Date of Inspection: 23 April 2014
Date of Publication: 24 May 2014
Inspection Report published 24 May 2014 PDF


Inspection carried out on 23 April 2014

During a routine inspection

A single inspector carried out this inspection. The focus of the inspection was to answer five key questions; is the service safe, effective, caring, responsive and well-led?

Below is a summary of what we found. The summary describes what people using the service, their relatives and the staff told us, what we observed and the records we looked at. Some people using the service had complex needs which meant they were not always able to tell us their experiences. If you want to see the evidence that supports our summary please read the full report.

This is a summary of what we found:

Is the service safe?

Care records and risk assessments identified the support people needed to keep them safe. People we spoke with confirmed their care plans were an accurate reflection of the care they needed and received. Other health and social care professionals were contacted for advice when needed. The provider was the financial appointee for five people living at the home. Records were kept of transactions and these were audited to identify potential financial abuse.

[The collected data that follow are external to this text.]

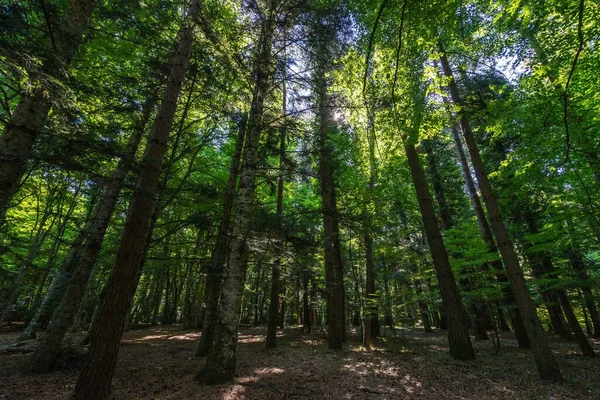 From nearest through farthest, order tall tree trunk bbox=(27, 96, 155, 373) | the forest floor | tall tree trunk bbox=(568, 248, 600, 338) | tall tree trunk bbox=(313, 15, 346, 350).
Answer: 1. the forest floor
2. tall tree trunk bbox=(27, 96, 155, 373)
3. tall tree trunk bbox=(313, 15, 346, 350)
4. tall tree trunk bbox=(568, 248, 600, 338)

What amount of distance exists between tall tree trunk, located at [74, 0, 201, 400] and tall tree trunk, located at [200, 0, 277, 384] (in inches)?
68.9

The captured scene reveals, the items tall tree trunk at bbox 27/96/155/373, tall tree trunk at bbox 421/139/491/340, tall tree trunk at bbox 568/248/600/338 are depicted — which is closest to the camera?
tall tree trunk at bbox 27/96/155/373

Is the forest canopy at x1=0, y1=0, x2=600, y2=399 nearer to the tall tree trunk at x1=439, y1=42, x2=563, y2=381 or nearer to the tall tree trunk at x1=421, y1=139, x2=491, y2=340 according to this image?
the tall tree trunk at x1=439, y1=42, x2=563, y2=381

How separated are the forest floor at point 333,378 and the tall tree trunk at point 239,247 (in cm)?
41

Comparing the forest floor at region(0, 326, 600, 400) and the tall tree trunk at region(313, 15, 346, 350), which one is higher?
the tall tree trunk at region(313, 15, 346, 350)

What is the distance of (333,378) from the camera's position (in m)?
6.28

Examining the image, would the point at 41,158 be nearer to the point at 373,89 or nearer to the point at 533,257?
the point at 373,89

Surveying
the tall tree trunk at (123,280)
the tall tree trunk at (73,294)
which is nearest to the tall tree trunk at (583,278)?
the tall tree trunk at (123,280)

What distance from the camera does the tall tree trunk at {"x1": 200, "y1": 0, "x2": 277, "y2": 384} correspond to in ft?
17.6

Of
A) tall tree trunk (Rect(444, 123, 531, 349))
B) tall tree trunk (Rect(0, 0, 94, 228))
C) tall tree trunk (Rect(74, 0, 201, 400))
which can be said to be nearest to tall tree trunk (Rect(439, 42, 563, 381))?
tall tree trunk (Rect(444, 123, 531, 349))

The safeguarding policy shown to us was a generic policy from an external company that had not yet been adapted to reflect the practices of this care home. The provider told us they would adapt the policy following our visit but we have not yet checked this has been completed.

Staff had received training about safeguarding and the Mental Capacity Act 2005 and knew what to do as a result of a safeguarding concern. People we spoke with told us they would tell staff if they were unhappy or felt unsafe. Care staff knew how to recognise someone being deprived of their liberty and actions to take as a result. There were no restrictions in place at the time of our inspection. We saw information about safeguarding and the Deprivation of Liberty Safeguards (DoLS) available to people in an easy to read format.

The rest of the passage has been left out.